Architecture overview
LocoPilot is an open-core monorepo. The MIT-licensed pieces live in locopilot-public-cli/ and ship to every customer. The proprietary cloud control plane (locopilot-core-backend/) is hosted by us and never bundled with the CLI.
Component map
┌────────────────────────┐
│ locopilot-public-cli │ (this repo, MIT)
│ │
┌──────────────┤ src/cli/ (Commander)│
│ │ src/api/ (Fastify) │
│ │ src/worker/(in-proc) │
│ │ src/training/ │
│ │ src/cloud/client.ts │
│ └─────────┬──────────────┘
│ │
│ │ HTTPS (only when Pro token present)
│ ▼
│ ┌────────────────────────┐
│ │ LocoPilot Cloud │ (proprietary, hosted)
│ │ /api/inference │
│ │ /api/train │
│ │ /api/auth/* │
│ │ /api/usage │
│ │ /api/models │
│ │ /api/health │
│ └─────────┬──────────────┘
│ │
│ │
▼ ▼
┌──────────────┐ ┌────────────────────────┐
│ Ollama │ │ RunPod Serverless GPU │
│ (localhost) │ │ (90-second SLA) │
└──────────────┘ └────────────────────────┘
Public CLI source layout
| Folder | Responsibility |
|---|---|
src/cli/ | Commander.js entry — every subcommand is a file under src/cli/commands/ |
src/api/ | Fastify 5 HTTP gateway. Routes: /v1/chat/completions, /v1/completions, /v1/models, /v1/locopilot/health, /v1/locopilot/training/* |
src/worker/ | In-process training worker (Free tier). Single-process, no queue. |
src/training/ | TrainingAdapter interface, TrainingConfig, dataset validator, Unsloth / Axolotl / MLX adapters and Python runners |
src/cloud/client.ts | The only place that talks to the cloud — callCloudInference, callCloudTrain, callCloudAuthVerify, callCloudAuthMe, callCloudUsage, callCloudModels, callCloudHealth, callCloudTunnel, plus isProUser() and getCloudToken() |
src/shared/ | DB pool (SQLite), Ollama runtime client, shared types, AppError and constants (TRAINING_DEFAULTS, MIN_DATASET_EXAMPLES, PROVIDERS, …) |
Tier detection
// src/cloud/client.ts
export function isProUser(): boolean {
return getCloudToken() !== null;
}
getCloudToken() returns the value at token in ~/.locopilot/config.json only if it starts with qs_. That's the entire test. Being logged in is not the same as having an active subscription — the cloud may still return 403 pro_subscription_required and the cloud client surfaces that as a typed ProSubscriptionRequiredError.
Request pipeline
The Fastify pipeline at the top of src/api/index.ts:
onRequest— validatesAuthorization. Skipped for/v1/modelsand/v1/locopilot/health. Non-qs_tokens become anonymous (req.apiKey = undefined).preHandler— in-memory token-bucket rate limiter. Free tier short-circuits with no limit; Pro tier gets a9999/minlocal ceiling (real limit enforced cloud-side).- Route handler — runs
localRouter.resolve()on/v1/chat/completionsand/v1/completions, then streams from the resolved provider. setErrorHandler— serialisesAppError(e.g.ValidationError,NotFoundError,RateLimitError) into JSON.
Chat / completions
localRouter.resolve(model, isProUser) returns one of three providers:
| Provider | When |
|---|---|
local | Ollama lists a model whose name equals model or starts with model.split(':')[0] |
remote | Pro user and no local match (or Ollama unreachable) |
not_found | Free user and no local match (or Ollama unreachable) |
local streams from <OLLAMA_HOST>/api/chat. remote proxies to POST /api/inference on LocoPilot Cloud (which handles RunPod). not_found returns 404 model_not_found.
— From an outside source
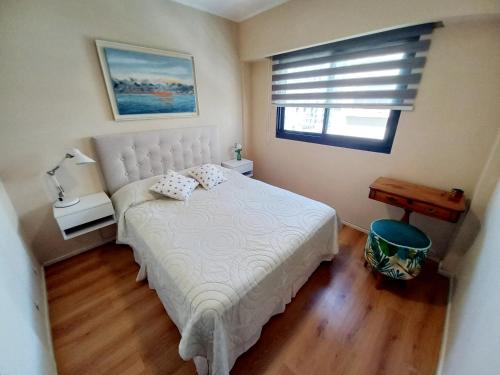een slaapkamer met een groot wit bed en een raam bij Apart Retiro. Ubicación Ideal. in Buenos Aires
A 403 pro_subscription_required from the cloud is surfaced with the upgrade URL — there is no silent fallback to local for an explicit Pro request. A generic provider error returns 503 Provider unavailable.
Training
The local API's /v1/locopilot/training/* handlers inspect the Authorization header and act in one of two modes:
| Header | Behaviour |
|---|---|
Bearer qs_… | Proxies the request verbatim to LocoPilot Cloud's /api/train*. Surfaces upstream 403 pro_subscription_required as-is. |
| anything else | Validates the body, runs the dataset validator (MIN_DATASET_EXAMPLES = 10, first 5 lines must be uniformly Alpaca or ShareGPT), inserts a row into training_jobs, and fires the executor in-process. |
The locopilot train --cloud flag bypasses the local API entirely and calls the cloud directly — that's why the local-API auto-proxy path exists separately, for direct API consumers (HTTP clients other than the CLI).
Local data model (SQLite)
Created by locopilot init at ~/.locopilot/db.sqlite:
inference_logs (id, api_key_id, model, provider, tokens_in, tokens_out, latency_ms, ttfb_ms, status, created_at)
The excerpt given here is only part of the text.